In questo anno di attività che tipo di persone vi hanno chiesto aiuto? Giovani o in maggior parte adulti?
«In questo primo anno di lavoro presso il centro siamo diventate il punto di riferimento per i trentenni/quarantenni del quartiere. Rimasti senza lavoro, a volte per questione di sfratti, molto spesso per le loro separazioni (a volte già in corso e quindi vengono a comunicarci il loro disagio rispetto proprio alla procedura, ai provvedimenti dei giudici e, talvolta, anche rispetto ai loro legali). Le persone più anziane fanno ricorso a noi se hanno problemi economici e sperano in pensioni di invalidità, in forza dei loro acciacchi. Invece per quanto concerne i più giovani, a parte i bambini che frequentano il nostro doposcuola gratuito, non siamo ancora riuscite ad instaurare con loro alcuna relazione costante, abbiamo in cantiere alcune iniziative (come la rassegna cinematografica, la realizzazione di un musical natalizio ed altro) che speriamo possano portarli a noi».

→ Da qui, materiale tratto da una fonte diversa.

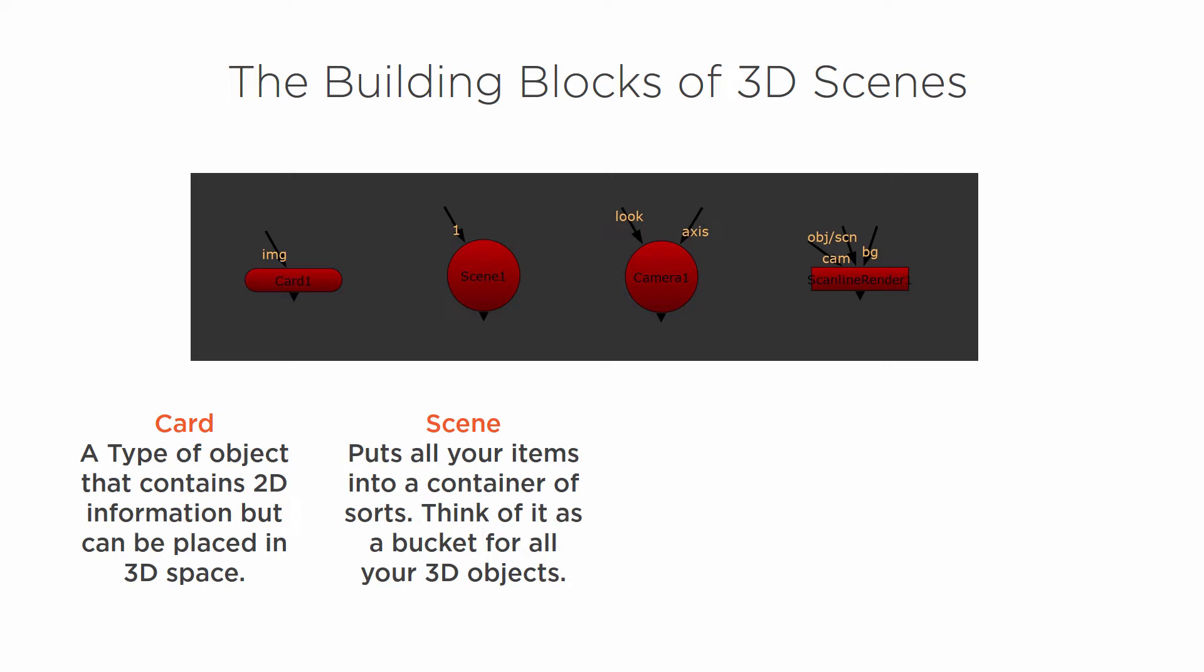A scene is something that puts all your items into kind of a container. Think of it as a bucket for all your 3D objects. So a scene is how you're going to be able to kind of combine everything together.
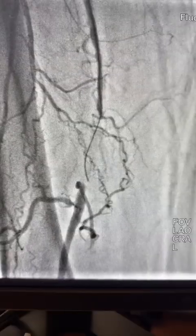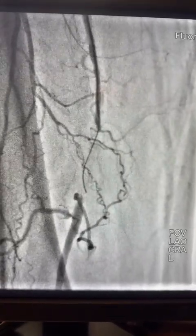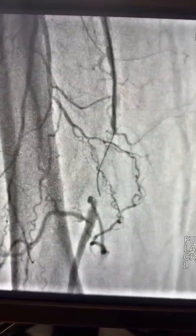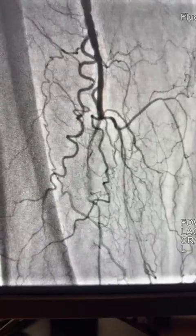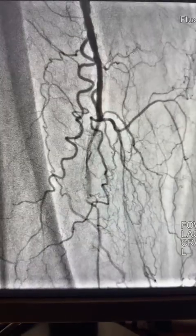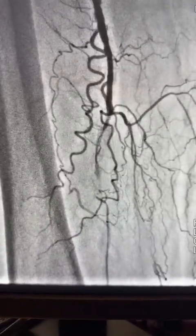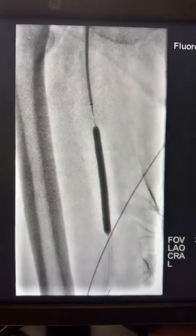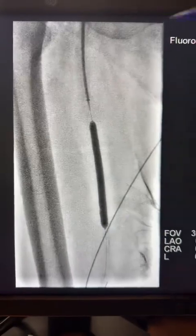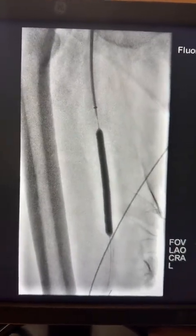I exchanged the wire to a stiff glide wire supported by a glide catheter, which also did not pass through the CTO cap. Here is the injection through the glide catheter positioned distally. I then proceeded with angioplasty of the proximal-to-mid segment to allow advancing the catheter without damping pressure.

Per temi quali separazione, divorzio e problematiche familiari, pensa che siano conosciuti anche dai più giovani? Sarebbe il caso di educarli a scuola su temi legati alla psicologia e al modo per relazionarsi in famiglia e con il prossimo?

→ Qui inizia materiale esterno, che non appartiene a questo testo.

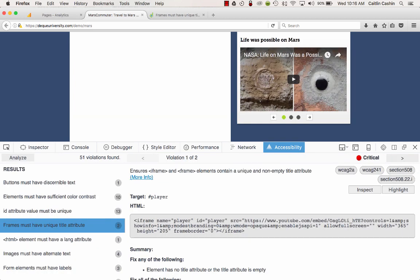And that's Axe. It's super easy to use, and we hope you'll start using it to test your pages.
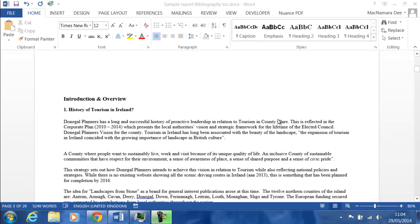Hi, Deirdre McNamara here from Netter County IT. Today we're going to take a look at doing citations and bibliographies in Word 2013.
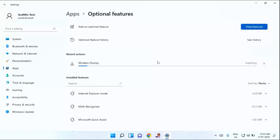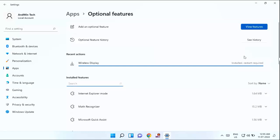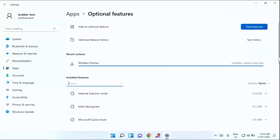You need to wait for some time to complete this installation process, guys. I am showing you this method in Windows 11. You can use the same method in your Windows 10 PC as well, guys. After completion of this installation process, once you have to restart your laptop or PC.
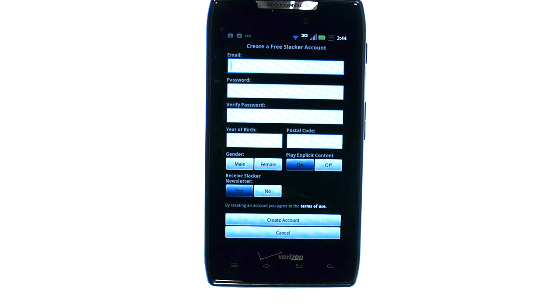This will give you access to multiple XMRadio stations with all the different types of music that you like to listen to.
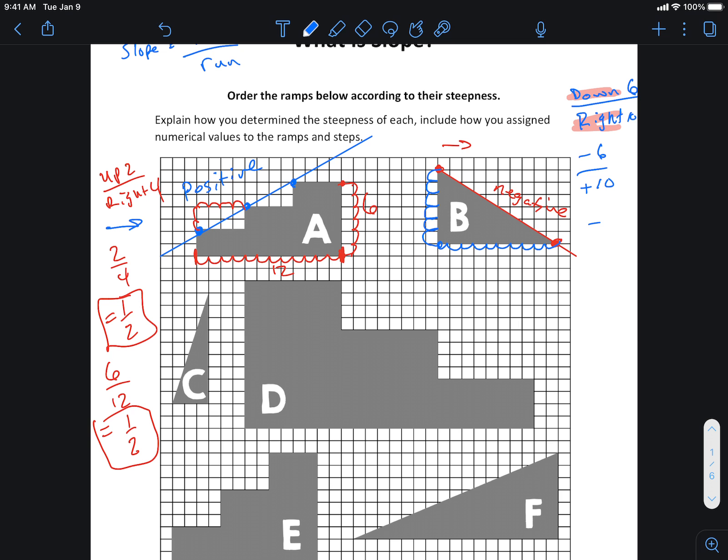These are equal. We call those equivalent ratios. If you were to count down three and right five, that will give you the same red line right here as counting down six, right ten. They will give you the exact same line because they are equivalent ratios.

«Il problema educativo c'è ed è grande, l'anno scorso ne abbiamo parlato in una serie di incontri presso la parrocchia S. Filippo, ma vi è un po' di svogliatezza da parte dei genitori, interessati più alla "delega" (alla maestra, al prete, ecc.) che non ad un impegno che li veda coinvolti in prima persona, almeno nel quartiere in cui noi operiamo, spesso popolato da persone di cultura medio-bassa. Serpeggia la convinzione tra tutti che il "prossimo" non va sostenuto, perché dagli altri non ci si può aspettare nulla di buono, ma nel contempo si grida all'indifferenza altrui, poiché nessuno dà una mano alla risoluzione dei nostri problemi. E' la contraddizione del nostro tempo. Ed infatti nessuno crede che il nostro impegno non è sostenuto economicamente da nessuno se non da noi stesse, poiché tutti credono che "nessuno fa niente per niente"».